At least 82 migrants drown off Yemen

At least 82 African would-be migrants, mostly Somalis, have drowned off Yemen after their wooden boat capsized in choppy waters as it neared the end of its voyage from Somalia, Yemeni officials said.

The incident occurred a few kilometres off the town of Ahwar in the southern Yemeni province of Abyan on the Gulf of Aden late on Friday, the officials said.
They said local fishermen rescued 30 passengers and recovered bodies of 22 others after the boat ran into rocks and capsized.

Survivors told authorities there had been about 140 people aboard the boat.

"Around 60 bodies washed up on shores of Ahwar today (Sunday) and up to 28 people are still missing," a local official in Ahwar told Deutsche Presse-Agentur in Sana'a by phone.

Hundreds of Somali and Ethiopian migrants die every year making the dangerous crossing of the Gulf of Aden to Yemen on small boats run by smugglers operating from Somali ports.

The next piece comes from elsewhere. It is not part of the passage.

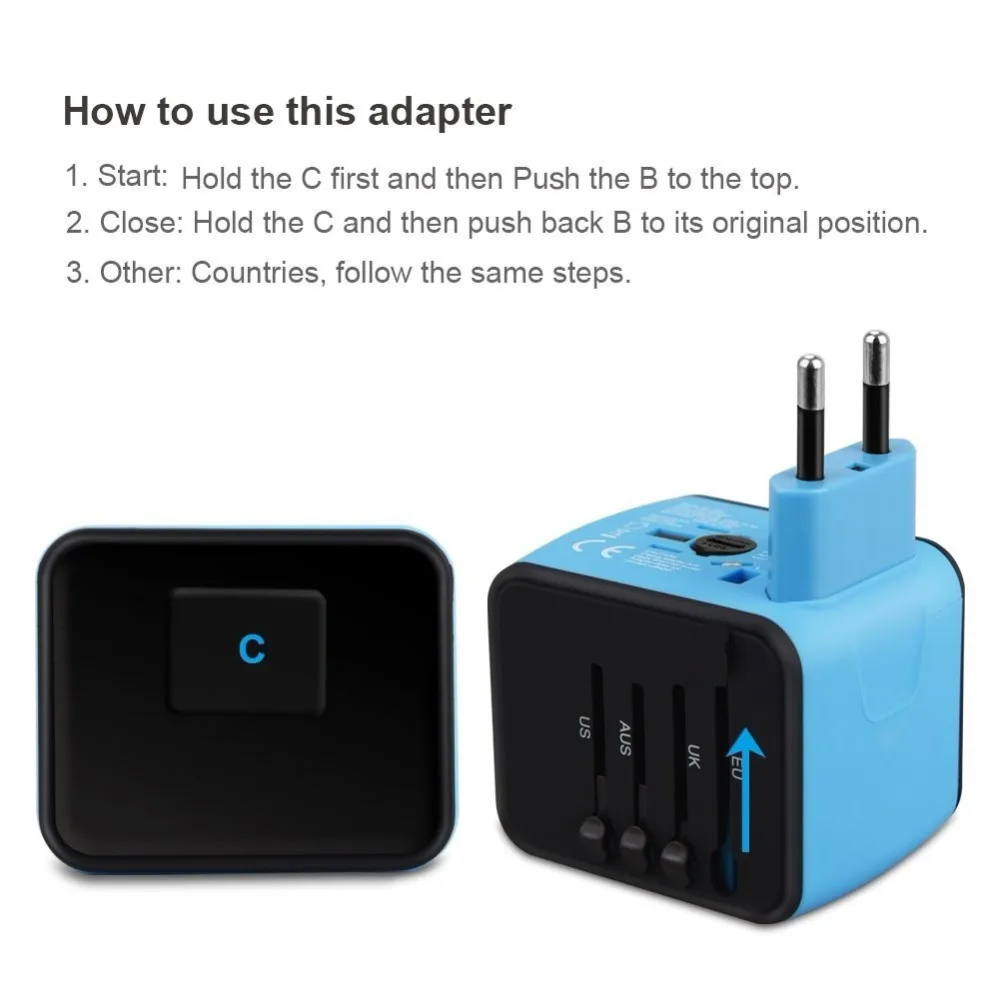 Carregador de Energia Adaptador de Viagem para Eua Unido e ue Conversor de Adaptador de Energia ac para Parede Yijee Universal Internacional Reino - Image 4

Last year, more than 113,000 people, most of them Somalis, made the perilous voyage to Yemen, with over 1,400 deaths, according to the United Nations High Commission for Refugees.
Since the outbreak of civil war in Somalia, Yemen has become a magnet for refugees fleeing violence and drought and a gateway to the oil-rich countries of the Arabian Peninsula and to Europe.

Yemen is the only Arabian Peninsula country that is a signatory of the 1951 Geneva Convention and 1967 protocol on the status of refugees.